Für Nam Hai aus Vietnam ist diese Regelung völlig unverständlich. Bis zum 31. Mai ist er noch bei der BVG als Wagenwäscher beschäftigt. Danach möchte der gelernte Koch am liebsten sofort einen Imbiß eröffnen, doch der Satz in seinem Pass „selbständige Erwerbstätigkeit ist nicht gestattet“ verhindert die Genehmigung. „Ich will keinen Pfennig vom Sozialamt, sondern sofort meinen Imbiß bewirten“ bekräftigt er. Nach Vietnam zurückzugehen, ist für ihn keine Alternative. Sein jüngster Sohn ist in Deutschland geboren, der andere ist hier zur Schule gegangen. „Was soll ich in Vietnam, mein ältester Sohn kann nicht mal mehr die Sprache“, meint er.

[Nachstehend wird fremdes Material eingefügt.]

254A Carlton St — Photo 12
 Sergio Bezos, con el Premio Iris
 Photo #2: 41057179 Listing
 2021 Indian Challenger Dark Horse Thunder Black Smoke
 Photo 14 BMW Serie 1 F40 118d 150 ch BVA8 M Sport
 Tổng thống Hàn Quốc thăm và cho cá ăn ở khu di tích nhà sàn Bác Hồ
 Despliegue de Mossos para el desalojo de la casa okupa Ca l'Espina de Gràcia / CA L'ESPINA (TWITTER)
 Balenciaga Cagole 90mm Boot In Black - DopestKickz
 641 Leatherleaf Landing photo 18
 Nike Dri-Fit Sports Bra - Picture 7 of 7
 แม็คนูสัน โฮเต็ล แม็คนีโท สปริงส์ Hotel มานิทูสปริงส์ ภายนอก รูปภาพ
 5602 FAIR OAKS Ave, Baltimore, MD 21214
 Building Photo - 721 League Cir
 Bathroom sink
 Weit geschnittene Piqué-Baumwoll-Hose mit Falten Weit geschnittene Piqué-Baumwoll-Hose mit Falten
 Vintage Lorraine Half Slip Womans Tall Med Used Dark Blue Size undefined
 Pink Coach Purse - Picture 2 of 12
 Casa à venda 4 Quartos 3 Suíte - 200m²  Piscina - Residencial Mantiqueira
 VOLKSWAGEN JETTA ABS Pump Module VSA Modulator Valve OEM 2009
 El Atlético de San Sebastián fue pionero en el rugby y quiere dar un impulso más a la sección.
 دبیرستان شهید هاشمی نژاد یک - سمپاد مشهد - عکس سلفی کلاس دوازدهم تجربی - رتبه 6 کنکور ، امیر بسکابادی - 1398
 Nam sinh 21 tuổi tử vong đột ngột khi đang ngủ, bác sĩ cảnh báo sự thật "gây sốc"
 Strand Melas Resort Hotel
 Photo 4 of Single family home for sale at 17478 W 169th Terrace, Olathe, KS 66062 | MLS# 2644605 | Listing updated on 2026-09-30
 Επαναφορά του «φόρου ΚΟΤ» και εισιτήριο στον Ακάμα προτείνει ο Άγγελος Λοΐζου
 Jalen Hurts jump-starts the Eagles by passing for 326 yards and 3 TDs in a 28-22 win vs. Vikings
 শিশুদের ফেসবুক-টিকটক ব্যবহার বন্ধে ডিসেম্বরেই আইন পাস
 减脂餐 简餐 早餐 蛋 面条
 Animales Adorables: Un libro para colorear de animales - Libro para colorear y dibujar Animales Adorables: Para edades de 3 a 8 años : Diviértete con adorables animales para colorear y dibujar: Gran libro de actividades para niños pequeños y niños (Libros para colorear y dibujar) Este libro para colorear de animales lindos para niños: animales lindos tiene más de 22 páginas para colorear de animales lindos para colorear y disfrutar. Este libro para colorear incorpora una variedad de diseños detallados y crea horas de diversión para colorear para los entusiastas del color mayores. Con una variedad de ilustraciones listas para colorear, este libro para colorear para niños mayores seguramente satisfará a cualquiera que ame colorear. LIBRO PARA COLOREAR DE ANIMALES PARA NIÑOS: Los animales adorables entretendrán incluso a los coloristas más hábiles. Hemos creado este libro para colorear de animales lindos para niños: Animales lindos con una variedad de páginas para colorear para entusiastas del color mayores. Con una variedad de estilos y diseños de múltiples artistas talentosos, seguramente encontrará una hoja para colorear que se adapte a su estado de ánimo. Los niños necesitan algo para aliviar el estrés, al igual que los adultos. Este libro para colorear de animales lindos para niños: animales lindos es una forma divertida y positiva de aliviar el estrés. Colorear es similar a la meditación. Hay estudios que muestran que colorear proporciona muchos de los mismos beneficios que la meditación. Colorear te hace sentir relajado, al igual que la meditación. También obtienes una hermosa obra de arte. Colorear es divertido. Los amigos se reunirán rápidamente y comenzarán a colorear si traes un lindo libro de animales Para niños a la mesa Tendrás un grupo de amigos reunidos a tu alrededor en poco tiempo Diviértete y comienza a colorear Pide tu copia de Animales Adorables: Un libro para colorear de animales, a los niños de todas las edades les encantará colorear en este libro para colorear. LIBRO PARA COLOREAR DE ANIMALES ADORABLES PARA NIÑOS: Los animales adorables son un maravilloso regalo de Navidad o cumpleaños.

Doch Hai muß sich wie die insgesamt 5.000 noch verbliebenen ehemaligen Vertragsarbeiter weiter gedulden. Eine Innenministerkonferenz der Länder, die sich ursprünglich am 13. und 14. Mai mit der Problematik beschäftigen wollte, findet jetzt vermutlich erst am 26. Juni statt.